Cats bring all sorts of wonderful rewards to our lives--affection, warmth, comfort, and companionship to name just a few. But when a cat starts to urinate or defecate outside of the litter box, the problem can bring stress.
A cat may stop using the litter box for a variety of reasons. The first step is to determine why your cat isn't using the litter box.
If you think the problem may have a medical cause, the first step is to call your veterinarian. If you don't have an established relationship with a veterinarian, you can locate one online. It can also be helpful to check with family and friends to see who they use, or to contact your local animal shelter to see if they have recommendations. Many vets will require an initial exam to get to know your pet.
Be prepared before you call. Make some notes about the situation. When did the problem start? Have you noticed any symptoms that could indicate a medical problem? Is your cat otherwise healthy--behaving as usual, eating and sleeping well?

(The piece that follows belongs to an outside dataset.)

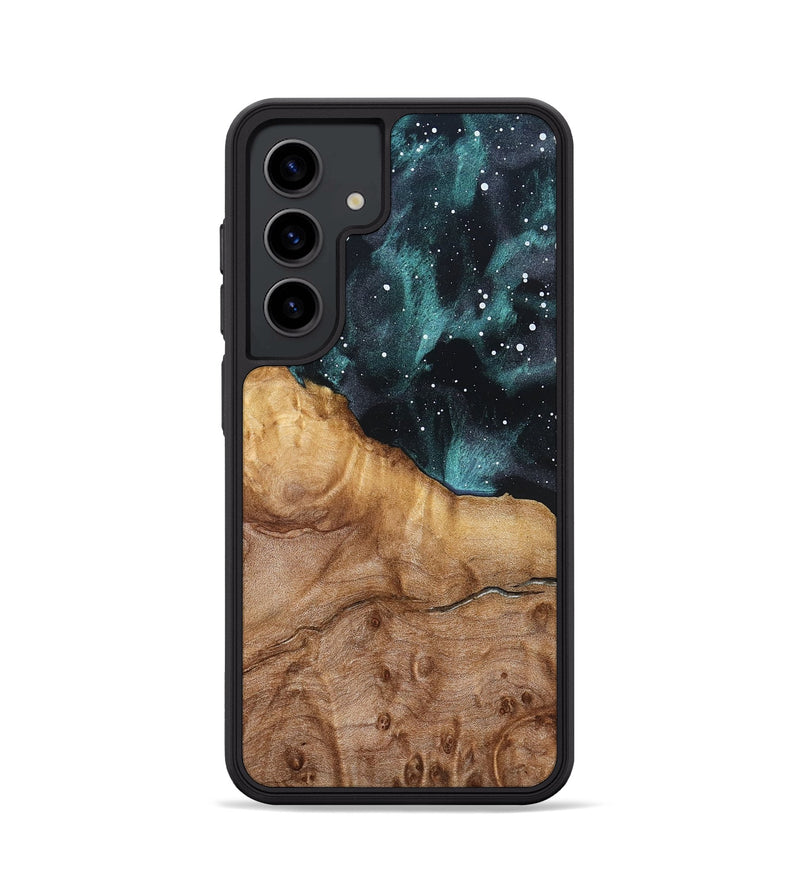 Galaxy S24 Wood Phone Case - Harmoni (Cosmos, 823681)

You can save money on the cost of an office visit if your vet is willing to let you just drop off a urine sample. Be sure to follow *instructions for obtaining and storing a sample from your cat.
Many medical problems linked to litter box trouble can be treated either with antibiotics, if an infection is present, or by switching to a prescription cat food. If your vet suspects anxiety is related to the issue, she may prescribe a daily anti-anxiety medication.
A cat that establishes a habit or going outside of the box due to a medical problem may also need some reminders to reestablish good behaviors. If the problem continues once the medical problem is under control, follow the steps for working with a cat whose elimination problems stem from behavioral concerns.